But as Florida embraced progressive Democrats and environmentalism in the 1970’s, Jacksonville lost its political clout. Miami began to dominate the statewide cabinet and the Democratic Party. Eventually, Jacksonville was eclipsed by Tampa as well. Steve Pajcic, a then liberal State Representative and prominent Trial Lawyer was nominated for Governor by the Democrats in 1986 – and he represents the last serious statewide Democratic candidate from what was once Florida’s leading city.
In time, Tampa became the vogue political city for Democrats as Miami and Jacksonville shifted to the Republicans while liberal Broward and Palm Beach counties were well out of the statewide mainstream. Central Florida shifted from the state’s most Republican region to more Democratic.

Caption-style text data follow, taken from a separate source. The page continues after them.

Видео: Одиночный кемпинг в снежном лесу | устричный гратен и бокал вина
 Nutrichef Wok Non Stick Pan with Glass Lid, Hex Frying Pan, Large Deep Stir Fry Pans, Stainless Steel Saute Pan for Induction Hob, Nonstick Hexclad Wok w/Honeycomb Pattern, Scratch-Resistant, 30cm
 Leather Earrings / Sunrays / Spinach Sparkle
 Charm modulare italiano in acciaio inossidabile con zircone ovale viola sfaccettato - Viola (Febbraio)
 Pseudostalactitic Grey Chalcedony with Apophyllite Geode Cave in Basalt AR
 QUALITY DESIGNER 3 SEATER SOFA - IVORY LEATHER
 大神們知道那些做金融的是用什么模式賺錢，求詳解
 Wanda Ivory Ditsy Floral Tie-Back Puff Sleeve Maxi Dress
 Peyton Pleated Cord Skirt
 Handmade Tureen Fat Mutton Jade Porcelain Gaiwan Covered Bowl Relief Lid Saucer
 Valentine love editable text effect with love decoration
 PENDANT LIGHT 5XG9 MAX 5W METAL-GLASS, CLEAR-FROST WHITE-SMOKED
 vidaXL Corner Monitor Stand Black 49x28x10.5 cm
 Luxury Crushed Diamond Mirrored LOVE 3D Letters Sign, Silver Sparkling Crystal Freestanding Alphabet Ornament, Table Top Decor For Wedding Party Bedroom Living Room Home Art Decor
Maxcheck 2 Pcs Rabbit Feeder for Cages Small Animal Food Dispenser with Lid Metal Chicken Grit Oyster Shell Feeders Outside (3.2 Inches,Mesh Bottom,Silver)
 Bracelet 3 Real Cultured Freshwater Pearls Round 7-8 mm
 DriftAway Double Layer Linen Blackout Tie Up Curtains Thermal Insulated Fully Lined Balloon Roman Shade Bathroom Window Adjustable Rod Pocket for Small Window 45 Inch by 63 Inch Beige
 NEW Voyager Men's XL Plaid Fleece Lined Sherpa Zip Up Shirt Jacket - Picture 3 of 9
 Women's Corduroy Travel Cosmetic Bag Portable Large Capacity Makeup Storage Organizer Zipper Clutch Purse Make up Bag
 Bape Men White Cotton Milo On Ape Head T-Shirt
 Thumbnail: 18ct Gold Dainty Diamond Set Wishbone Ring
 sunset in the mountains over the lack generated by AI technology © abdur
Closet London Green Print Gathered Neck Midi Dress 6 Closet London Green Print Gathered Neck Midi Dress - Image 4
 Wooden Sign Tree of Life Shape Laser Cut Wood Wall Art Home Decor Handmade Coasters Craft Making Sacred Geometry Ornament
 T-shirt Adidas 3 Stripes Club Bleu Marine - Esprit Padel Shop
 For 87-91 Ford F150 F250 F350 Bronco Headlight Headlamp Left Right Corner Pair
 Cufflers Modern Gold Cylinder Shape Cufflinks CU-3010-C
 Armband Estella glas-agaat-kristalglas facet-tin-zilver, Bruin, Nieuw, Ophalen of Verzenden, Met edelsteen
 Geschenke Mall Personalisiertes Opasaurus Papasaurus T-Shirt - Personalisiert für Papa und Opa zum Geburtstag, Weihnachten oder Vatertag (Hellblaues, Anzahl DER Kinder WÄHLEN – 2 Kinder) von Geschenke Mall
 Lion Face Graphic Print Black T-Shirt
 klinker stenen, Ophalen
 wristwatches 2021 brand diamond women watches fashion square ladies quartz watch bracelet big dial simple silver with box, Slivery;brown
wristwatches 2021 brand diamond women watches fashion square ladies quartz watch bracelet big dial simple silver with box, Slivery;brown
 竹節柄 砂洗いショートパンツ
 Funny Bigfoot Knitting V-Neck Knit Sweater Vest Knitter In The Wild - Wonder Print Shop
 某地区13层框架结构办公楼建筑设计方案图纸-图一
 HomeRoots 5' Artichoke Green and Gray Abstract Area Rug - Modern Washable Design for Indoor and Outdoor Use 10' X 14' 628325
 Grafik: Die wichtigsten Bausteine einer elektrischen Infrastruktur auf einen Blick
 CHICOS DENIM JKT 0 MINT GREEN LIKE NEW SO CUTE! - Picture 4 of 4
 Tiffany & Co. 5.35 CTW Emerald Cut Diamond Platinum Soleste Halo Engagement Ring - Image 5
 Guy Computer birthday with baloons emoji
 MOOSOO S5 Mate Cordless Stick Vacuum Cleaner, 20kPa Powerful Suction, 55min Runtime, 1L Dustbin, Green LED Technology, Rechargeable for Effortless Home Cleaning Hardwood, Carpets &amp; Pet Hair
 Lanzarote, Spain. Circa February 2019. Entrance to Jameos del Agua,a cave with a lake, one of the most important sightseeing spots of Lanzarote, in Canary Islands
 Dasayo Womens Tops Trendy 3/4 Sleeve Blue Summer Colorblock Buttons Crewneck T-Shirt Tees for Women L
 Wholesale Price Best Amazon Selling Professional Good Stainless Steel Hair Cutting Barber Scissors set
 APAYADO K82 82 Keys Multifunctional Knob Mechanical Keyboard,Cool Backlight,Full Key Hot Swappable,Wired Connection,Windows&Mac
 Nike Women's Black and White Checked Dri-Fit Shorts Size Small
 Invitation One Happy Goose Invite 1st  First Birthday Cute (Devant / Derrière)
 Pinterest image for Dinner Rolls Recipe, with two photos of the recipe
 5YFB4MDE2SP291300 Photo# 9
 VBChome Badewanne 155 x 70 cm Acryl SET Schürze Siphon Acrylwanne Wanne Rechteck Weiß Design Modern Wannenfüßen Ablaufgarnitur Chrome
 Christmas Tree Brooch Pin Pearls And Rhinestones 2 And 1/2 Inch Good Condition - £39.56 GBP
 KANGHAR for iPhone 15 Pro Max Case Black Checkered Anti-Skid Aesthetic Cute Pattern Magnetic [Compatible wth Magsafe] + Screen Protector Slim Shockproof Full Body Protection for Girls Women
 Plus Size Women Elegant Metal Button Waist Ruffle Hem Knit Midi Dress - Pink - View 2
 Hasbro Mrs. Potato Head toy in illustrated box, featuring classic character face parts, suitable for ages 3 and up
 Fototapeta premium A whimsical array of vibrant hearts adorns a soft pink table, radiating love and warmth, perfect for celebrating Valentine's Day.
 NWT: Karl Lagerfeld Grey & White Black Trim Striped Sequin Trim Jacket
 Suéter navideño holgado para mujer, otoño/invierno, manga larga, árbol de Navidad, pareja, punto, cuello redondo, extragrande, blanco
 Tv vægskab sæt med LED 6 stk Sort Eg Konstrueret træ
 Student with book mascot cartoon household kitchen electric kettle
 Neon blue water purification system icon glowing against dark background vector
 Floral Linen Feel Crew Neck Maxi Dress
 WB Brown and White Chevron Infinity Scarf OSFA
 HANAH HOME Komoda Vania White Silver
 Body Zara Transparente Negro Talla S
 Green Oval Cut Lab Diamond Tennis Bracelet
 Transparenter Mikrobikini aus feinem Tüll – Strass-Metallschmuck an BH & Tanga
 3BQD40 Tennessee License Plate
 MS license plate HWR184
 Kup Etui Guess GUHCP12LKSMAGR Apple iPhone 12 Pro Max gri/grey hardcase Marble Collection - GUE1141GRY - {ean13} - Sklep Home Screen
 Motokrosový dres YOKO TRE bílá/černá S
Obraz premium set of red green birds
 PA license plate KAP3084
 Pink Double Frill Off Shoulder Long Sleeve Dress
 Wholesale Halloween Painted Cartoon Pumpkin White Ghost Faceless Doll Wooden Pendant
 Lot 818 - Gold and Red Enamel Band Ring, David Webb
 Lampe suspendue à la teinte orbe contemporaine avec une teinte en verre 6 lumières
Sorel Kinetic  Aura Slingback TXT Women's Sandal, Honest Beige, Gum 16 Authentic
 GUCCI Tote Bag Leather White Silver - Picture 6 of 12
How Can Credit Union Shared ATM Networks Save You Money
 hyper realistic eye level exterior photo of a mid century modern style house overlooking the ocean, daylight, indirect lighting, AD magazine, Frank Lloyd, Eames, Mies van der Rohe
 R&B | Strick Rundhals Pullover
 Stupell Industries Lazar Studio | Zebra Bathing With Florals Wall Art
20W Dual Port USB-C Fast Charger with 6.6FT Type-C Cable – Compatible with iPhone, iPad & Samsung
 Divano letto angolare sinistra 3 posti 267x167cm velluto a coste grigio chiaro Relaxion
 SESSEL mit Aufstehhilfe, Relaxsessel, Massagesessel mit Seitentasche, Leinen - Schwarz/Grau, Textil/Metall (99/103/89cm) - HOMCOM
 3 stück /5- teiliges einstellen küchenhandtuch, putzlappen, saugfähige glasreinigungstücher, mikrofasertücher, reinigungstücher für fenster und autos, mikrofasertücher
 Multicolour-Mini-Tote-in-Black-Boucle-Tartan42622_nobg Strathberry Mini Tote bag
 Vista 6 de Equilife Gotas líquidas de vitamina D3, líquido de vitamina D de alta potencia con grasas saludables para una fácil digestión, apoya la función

Miami has begun to shift back, but often Jacksonville gets forgotten.
In the 1980’s Jacksonville’s electorate became remarkably racially polarized and white voters began shifting towards the GOP en masse even at the local level before most southern cities. While it took a long time for voter registration among whites to shift to the GOP, by the late 1980’s Jacksonville had only a few white Democrats left in office and by the mid 1990’s virtually none were left. The city also became a place where candidates associated with big business and the insurance industry could thrive.
But here is what has happened in Jacksonville since 1995 – Nat Glover’s 1995 election as Sheriff allowed the city to overcome some of its racial demons while Mayor John Delaney also elected that year provided a more responsible and governing style of conservatism than what many Republicans wanted. Younger, trendy white communities like the Riverside area have become more progressive and provide a base for Democratic candidates.
Jacksonville isn’t quite like the other urban areas of the state yet, but the demographic shifts and changes in attitudes that have taken place make the city a potential problem for Republicans. Brown’s strong showing in Tuesday’s Primary indicates that Jacksonville is well on its way to becoming a permanently competitive two-party city. If the Mayor can hang on to his office come May, the Democrats will have made an area Republicans must win in much more volatile electorally.